The shorter deadlines mean employers have limited time to make the case against unionization, while union organizers can spend weeks or even months canvassing supporters in the workforce. The NLRB found that in the post-"ambush" era, elections took place 23 days after petition filings, according to Law 360. That is about 40 percent faster than the 38-day gap unions and employers experienced in 2013, the most recent NLRB data available.
"It appears now that unions believe they can catch employers flat footed," Bernstein said. "If the petition is the result of a blind-sided effort, unions come into the process with momentum and employers come in in reactionary mode."
One practical aspect of the new rules will be emboldened petition filings, according to Bernstein. Even under the old rules, unions prevailed in about 64 percent of elections in 2013, according to the NLRB. That is because unions generally do not call for the costly process of an election until they have a majority of employees signing onto NLRB petitions. Bernstein predicts that will change now that employers have less time to respond.
"They were unlikely to file [for an election] without at least 60 or 70 percent interest, but now they may be more comfortable filing minority petitions," he said.
With the legislature unable to block the regulations, business groups turned to the courts. Several lawsuits were filed in federal courts objecting to the new measures.
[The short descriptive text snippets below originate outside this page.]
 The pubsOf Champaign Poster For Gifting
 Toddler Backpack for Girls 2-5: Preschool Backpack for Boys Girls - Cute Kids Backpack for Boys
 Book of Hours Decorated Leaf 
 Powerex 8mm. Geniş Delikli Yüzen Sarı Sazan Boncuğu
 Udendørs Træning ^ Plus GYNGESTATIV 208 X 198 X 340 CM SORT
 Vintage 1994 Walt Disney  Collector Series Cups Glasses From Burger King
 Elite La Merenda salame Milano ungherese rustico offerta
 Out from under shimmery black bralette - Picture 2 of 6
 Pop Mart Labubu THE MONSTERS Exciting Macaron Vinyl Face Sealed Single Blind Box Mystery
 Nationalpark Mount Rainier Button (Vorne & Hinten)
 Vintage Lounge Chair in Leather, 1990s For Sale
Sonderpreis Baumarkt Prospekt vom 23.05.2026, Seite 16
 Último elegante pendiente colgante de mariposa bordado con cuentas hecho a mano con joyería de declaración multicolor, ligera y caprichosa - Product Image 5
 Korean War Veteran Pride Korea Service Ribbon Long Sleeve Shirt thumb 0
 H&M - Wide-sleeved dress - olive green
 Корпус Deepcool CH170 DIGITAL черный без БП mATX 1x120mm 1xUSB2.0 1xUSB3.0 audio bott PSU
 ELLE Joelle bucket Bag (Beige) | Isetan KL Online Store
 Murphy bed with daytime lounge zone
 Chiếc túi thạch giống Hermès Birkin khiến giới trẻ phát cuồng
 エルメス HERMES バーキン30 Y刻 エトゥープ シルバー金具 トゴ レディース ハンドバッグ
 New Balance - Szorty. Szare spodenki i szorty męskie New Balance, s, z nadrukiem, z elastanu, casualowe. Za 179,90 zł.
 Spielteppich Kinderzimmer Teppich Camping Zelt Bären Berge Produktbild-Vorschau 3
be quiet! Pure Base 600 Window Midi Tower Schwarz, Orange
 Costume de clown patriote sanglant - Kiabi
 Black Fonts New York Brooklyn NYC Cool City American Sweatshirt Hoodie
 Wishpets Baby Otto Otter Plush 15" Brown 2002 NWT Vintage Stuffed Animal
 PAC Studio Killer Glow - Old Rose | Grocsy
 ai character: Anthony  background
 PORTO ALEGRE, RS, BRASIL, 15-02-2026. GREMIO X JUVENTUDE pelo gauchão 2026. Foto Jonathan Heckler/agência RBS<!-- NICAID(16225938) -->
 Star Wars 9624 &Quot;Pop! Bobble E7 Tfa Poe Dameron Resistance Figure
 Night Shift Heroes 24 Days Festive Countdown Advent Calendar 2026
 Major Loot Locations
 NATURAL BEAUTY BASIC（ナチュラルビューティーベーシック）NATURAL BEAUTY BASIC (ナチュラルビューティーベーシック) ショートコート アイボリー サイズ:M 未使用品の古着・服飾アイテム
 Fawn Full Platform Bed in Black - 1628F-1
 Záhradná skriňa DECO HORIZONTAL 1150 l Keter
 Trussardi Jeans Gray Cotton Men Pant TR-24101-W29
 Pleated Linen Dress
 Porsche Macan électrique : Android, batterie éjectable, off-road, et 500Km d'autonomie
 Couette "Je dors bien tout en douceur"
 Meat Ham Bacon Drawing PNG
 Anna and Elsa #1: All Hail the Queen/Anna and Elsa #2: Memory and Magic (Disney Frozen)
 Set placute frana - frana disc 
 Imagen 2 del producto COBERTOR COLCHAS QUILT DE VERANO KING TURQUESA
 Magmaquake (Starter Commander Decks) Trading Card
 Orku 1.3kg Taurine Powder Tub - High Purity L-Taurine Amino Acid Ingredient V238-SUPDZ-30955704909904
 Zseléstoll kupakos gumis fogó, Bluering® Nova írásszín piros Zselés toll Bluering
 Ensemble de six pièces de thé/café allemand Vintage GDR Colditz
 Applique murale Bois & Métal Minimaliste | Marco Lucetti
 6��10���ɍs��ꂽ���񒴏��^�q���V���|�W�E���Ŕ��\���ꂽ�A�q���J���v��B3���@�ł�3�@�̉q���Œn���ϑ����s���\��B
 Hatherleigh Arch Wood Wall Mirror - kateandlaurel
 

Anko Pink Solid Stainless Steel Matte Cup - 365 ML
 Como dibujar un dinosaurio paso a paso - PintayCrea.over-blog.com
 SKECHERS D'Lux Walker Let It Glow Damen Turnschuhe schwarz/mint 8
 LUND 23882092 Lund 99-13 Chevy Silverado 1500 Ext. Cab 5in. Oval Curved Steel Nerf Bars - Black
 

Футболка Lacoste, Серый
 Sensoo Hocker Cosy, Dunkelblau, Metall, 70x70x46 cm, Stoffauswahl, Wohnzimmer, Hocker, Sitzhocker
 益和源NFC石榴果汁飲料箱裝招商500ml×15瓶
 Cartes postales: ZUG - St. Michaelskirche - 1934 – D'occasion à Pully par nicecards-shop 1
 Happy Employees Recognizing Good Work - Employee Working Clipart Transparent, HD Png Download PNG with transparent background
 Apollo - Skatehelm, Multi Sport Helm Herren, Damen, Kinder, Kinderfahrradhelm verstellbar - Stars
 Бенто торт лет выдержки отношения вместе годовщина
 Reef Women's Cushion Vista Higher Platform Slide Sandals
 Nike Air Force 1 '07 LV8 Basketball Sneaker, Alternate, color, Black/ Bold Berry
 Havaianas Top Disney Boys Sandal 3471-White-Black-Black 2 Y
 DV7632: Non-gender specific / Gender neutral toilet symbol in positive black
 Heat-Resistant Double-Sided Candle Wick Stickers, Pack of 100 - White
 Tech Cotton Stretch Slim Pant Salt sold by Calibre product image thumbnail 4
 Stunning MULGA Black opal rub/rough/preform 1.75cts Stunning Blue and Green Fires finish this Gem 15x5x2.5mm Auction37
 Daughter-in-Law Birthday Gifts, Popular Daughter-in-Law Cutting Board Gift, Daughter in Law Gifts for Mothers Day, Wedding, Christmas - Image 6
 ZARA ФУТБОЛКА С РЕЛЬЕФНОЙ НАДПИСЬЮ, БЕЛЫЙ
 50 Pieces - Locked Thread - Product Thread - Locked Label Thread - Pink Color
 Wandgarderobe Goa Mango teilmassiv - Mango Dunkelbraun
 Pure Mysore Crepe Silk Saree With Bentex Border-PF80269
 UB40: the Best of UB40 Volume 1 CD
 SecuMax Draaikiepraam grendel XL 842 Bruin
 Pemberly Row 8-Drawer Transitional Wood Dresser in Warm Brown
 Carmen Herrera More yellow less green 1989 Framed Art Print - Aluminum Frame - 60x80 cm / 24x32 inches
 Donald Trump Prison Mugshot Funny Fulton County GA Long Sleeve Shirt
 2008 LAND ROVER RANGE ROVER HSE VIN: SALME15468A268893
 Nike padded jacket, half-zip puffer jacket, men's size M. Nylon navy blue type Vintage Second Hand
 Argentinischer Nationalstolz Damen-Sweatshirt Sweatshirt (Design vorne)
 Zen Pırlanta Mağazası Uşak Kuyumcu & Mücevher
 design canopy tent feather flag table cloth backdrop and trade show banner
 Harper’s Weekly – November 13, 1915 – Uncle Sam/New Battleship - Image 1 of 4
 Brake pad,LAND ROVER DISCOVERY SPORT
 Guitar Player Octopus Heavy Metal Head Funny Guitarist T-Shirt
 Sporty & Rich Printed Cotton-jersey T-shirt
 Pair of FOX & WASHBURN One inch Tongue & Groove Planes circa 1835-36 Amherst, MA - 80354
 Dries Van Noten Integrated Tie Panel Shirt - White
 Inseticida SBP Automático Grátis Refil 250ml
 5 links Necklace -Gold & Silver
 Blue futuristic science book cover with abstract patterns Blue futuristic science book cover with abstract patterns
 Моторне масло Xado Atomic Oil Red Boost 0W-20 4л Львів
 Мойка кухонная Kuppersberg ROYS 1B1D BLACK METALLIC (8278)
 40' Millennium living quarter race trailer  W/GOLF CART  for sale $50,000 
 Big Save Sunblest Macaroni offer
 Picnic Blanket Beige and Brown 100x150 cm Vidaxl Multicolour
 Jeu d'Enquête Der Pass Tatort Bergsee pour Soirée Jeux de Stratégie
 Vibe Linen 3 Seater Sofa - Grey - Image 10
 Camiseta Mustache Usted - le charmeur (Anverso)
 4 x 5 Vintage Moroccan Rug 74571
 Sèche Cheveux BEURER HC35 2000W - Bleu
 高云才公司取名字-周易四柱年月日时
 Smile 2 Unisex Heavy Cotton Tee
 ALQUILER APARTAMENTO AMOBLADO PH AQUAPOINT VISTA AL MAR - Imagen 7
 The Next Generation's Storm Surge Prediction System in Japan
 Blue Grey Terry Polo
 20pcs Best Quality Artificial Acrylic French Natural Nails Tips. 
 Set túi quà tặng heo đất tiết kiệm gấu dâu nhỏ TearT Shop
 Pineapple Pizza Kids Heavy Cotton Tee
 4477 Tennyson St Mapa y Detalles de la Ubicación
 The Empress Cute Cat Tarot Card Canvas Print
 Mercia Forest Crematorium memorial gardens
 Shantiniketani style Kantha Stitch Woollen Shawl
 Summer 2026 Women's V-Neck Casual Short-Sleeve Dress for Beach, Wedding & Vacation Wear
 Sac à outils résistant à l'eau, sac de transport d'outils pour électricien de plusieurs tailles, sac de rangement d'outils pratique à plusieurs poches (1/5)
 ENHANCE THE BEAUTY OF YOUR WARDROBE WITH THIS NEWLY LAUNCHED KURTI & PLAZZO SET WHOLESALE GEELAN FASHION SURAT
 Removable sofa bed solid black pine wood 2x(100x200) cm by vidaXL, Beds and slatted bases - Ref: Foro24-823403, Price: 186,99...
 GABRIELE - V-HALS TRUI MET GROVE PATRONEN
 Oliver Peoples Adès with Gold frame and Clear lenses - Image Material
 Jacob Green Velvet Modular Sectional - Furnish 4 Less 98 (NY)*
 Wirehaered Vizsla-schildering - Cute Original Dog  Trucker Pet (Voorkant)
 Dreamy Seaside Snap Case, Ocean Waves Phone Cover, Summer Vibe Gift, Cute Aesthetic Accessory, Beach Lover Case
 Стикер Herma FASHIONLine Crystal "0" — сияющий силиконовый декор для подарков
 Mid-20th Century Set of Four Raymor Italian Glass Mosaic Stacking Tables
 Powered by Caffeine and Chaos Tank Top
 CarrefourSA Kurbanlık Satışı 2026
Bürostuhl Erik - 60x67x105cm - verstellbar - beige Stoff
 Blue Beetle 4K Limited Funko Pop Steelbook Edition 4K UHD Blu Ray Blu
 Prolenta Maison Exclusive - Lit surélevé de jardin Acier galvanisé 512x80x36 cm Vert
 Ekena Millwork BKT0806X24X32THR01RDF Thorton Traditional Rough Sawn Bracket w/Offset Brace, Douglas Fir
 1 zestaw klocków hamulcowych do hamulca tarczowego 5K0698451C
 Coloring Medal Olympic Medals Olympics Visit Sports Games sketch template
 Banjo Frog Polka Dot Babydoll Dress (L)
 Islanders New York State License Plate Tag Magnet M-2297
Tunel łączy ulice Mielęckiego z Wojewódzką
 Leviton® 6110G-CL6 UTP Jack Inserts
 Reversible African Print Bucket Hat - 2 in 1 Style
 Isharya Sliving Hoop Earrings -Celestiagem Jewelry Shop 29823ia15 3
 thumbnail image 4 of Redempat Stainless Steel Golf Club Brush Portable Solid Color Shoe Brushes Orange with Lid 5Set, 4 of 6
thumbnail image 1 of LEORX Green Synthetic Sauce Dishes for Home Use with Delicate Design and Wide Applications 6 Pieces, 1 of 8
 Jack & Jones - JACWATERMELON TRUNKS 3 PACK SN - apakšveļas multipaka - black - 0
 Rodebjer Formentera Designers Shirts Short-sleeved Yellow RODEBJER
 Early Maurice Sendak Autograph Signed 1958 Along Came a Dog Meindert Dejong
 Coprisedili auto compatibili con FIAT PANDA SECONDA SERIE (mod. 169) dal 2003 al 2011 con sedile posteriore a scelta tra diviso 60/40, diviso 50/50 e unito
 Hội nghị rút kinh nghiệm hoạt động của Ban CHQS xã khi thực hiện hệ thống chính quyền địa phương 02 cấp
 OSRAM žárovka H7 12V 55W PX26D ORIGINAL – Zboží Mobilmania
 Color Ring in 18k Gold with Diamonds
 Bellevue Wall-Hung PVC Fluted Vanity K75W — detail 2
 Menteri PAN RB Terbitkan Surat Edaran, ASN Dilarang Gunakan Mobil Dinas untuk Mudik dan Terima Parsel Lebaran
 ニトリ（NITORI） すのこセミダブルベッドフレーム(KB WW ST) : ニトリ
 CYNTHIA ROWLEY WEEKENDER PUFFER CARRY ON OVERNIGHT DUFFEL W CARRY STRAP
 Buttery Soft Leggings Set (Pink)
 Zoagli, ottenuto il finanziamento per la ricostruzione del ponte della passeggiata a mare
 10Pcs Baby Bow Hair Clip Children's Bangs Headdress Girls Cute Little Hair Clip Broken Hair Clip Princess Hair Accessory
Those efforts suffered a setback on Monday when Federal Judge Robert L. Pitman, an Obama appointee, denied the Texas chapter of the Association of Builders and Contractors’ motion to halt the rule.
"Plaintiffs point to nothing in the record which supports their conclusion that the Board intended to favor organized labor," Pitman ruled.
Labor watchdogs, including the National Right to Work Foundation, said the judge ignored the history of pro-union bias from President Obama’s labor board.
"It is extremely disappointing that the judge in this case brushes aside the many legal problems with this one-sided NLRB rule that makes no sense unless the goal is to place many workers as possible under union control as quickly as possible," NRTW spokesman Patrick Semmens said in a statement. "Union organizers can bombard workers with propaganda using the workers’ personal contact information that the NLRB now mandates be given to the union, but at the same time workers are denied the most basic information necessary to make an informed decision."
Bernstein said the lawsuits were always an uphill climb, as judges are reticent to rein in the rulemaking authority of federal agencies. Employers will have to move on and adapt to operating within the new framework, though that could change if a Republican wins the White House in 2016 and appoints a new NLRB in 2018.
"Most of us were anticipating an adverse outcome for businesses," he said. "We’ll see more of a focus on prevention going forward, rather than hoping the courts would provide a panacea."